Woods’ reflection on his recovery came during his press conference at Shinnecock Hills, a few days before he will make his return to the U.S. Open. It will be his 10th event of the year and the first time he has played in each of the season’s first two majors in three years.
“To go from there to where I’m at now, I had no expectation of getting this far,” Woods continued. “A lot of this is pure bonus because of where I was. To be able to have this opportunity to play USGA events, to play against these guys, best players in the world, it’s just a great feeling and one that I don’t take for granted.”
Woods’ return to the PGA Tour has been far from ceremonial, as he has worked his way up to 80th in the world after beginning the year at No. 656.

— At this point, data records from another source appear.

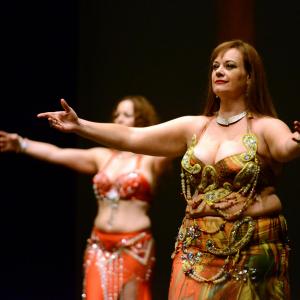 Fotografía de Fesdance Granada. Galería 1 - 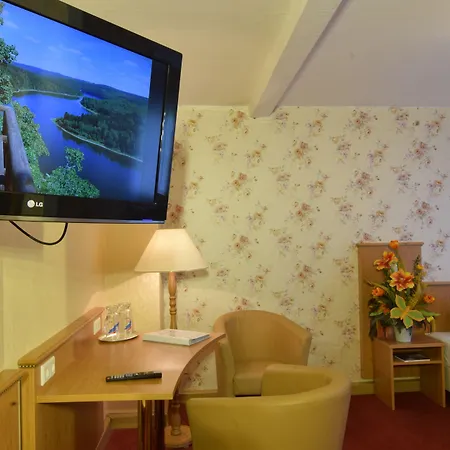 & Garkueche 3* Leutenberg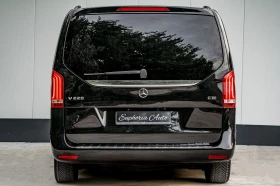 Mercedes-Benz Viano V220d* 4MATIC* EXCLUSIVE* LONG* LUXURY* TV* BUSINE | Mobile.bg    4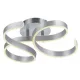 Trio FRANCIS 671310105 Plafonlámpa 1x40w/led 3000k 6000lm ip20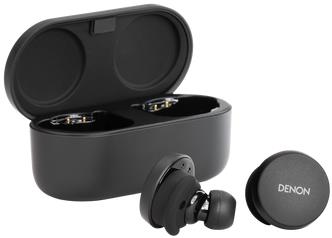 Denon PerL Black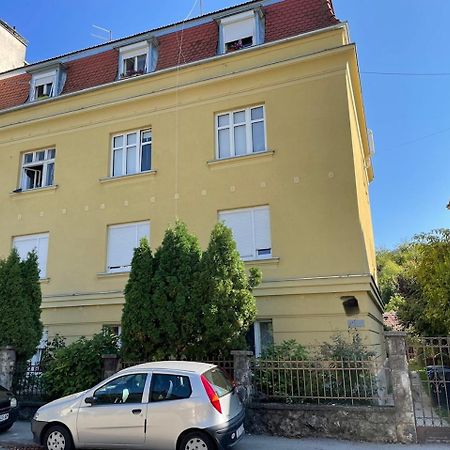 Apartament Apartman Casalope Zagrzeb Zewnętrze zdjęcie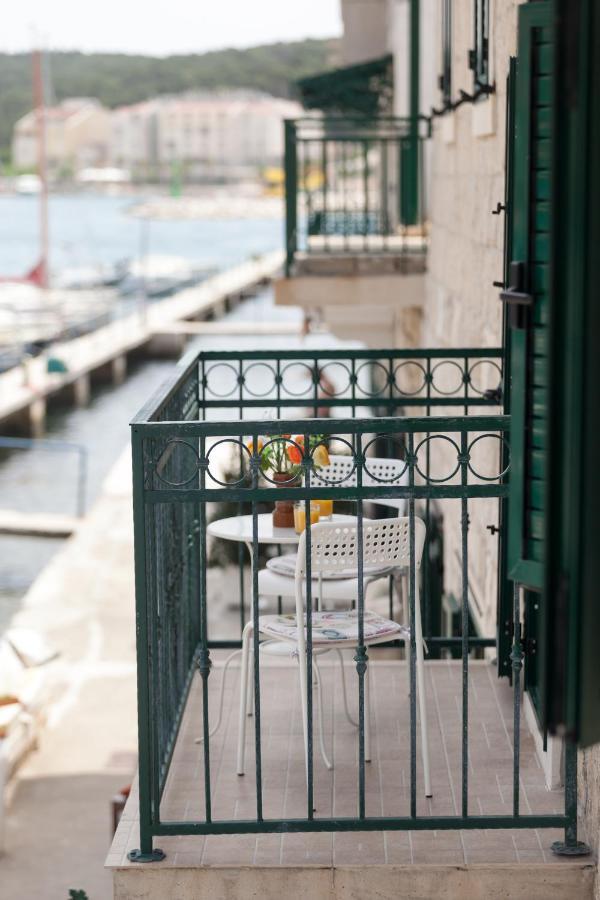 Apartment Bura 1 Makarská Exteriér fotografie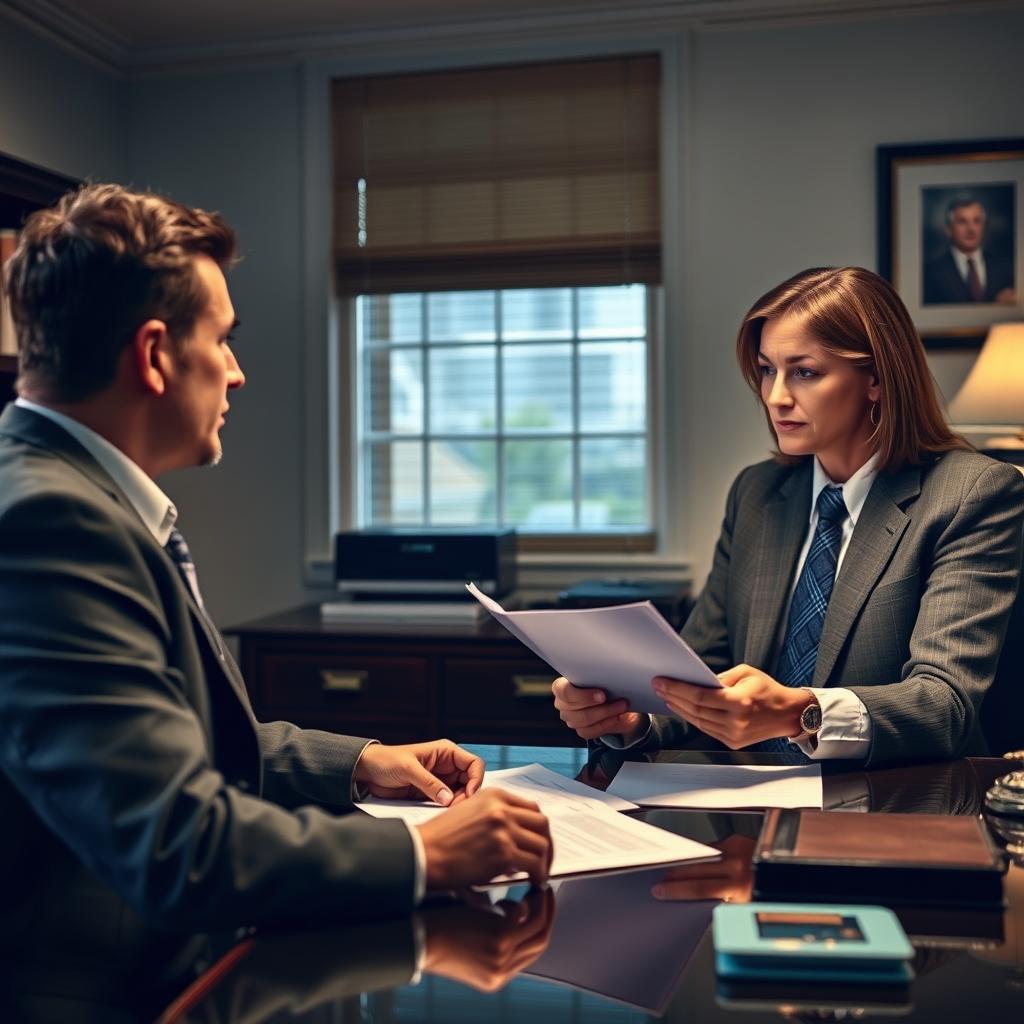 Petit Larceny Lawyer Oswego County, NY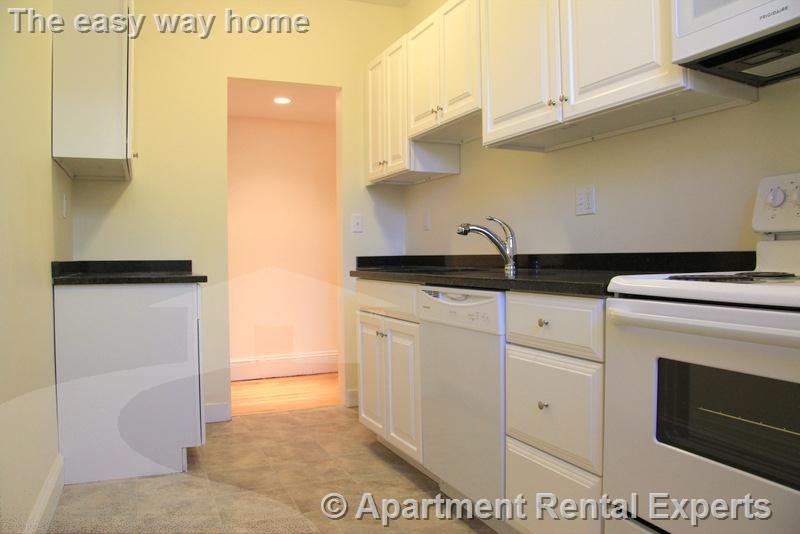 30 Langdon St, Harvard Square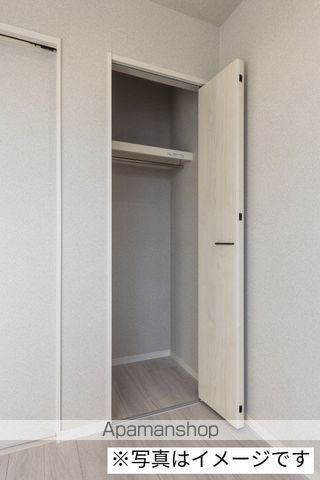 robot home 竹ノ塚IIの内装写真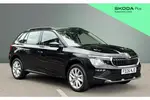 2026 Skoda Kamiq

He authored back-to-back top-five finishes in March, including a tie for second at the Valspar Championship. He also shot 10 under over the final two days of The Players Championship to tie for 11th, and was tied for seventh entering the final round of the Memorial Tournament two weeks ago before settling for 23rd. Victory remains elusive, but he has repeatedly threatened.
When asked if he’s surprised he hasn’t won a tournament yet given how many times he’s been in contention, Woods paused, and then said, “Probably.”
“There’s two ways of looking at that,” he said. “I’ve given myself chances to win, which I didn’t know if I was ever going to do again, and, also, then again, not happy with the fact that I didn’t win because I loved how it felt being there.”
Woods’ biggest bugaboo of late has been his putting, which he said he “worked on pretty hard this past week” after repetitive issues at the Memorial. Woods finished that tournament 72nd out of 73 players in strokes gained putting while missing seven putts from inside five feet in just four rounds. By comparison, Woods missed nine such putts during the entire 2006 season.
He currently ranks 89th on the PGA Tour this season in shots gained putting and 119th in putting percentage from five feet.
He likes his chances of improving with the putter this week on poa annua greens — the type of grass he grew up putting on — but acknowledged other parts of his game have gone missing in key moments this season. The way he sees it, that’s just part of the game.
“Golf is always frustrating,” Woods said. “There’s always something that isn’t quite right, and that’s where we, as players, have to make adjustments.
“And, you know, you’ve seen the tournaments I’ve played in this year: There’s always something. Hopefully, this is one of those weeks where I put it all together and even it out, and we’ll see what happens.”
If it all comes together, Woods would find himself contending for his first major title since he won a decade ago at the U.S. Open at Torrey Pines, which might be something of a foreign experience after so many years.
However, long known for his intense mental approach as much as physical skill, Woods doesn’t expect any issues reacclimating to the pressure-packed environment in the event that he finds himself atop the leaderboard on Sunday.
“Whether there will be any extra pressure, I think that’s just natural there would be,” Wood said. “I mean, it’s a major championship. There’s only four of these a year.
“That would be a nice problem to have, and so hopefully I can do that.”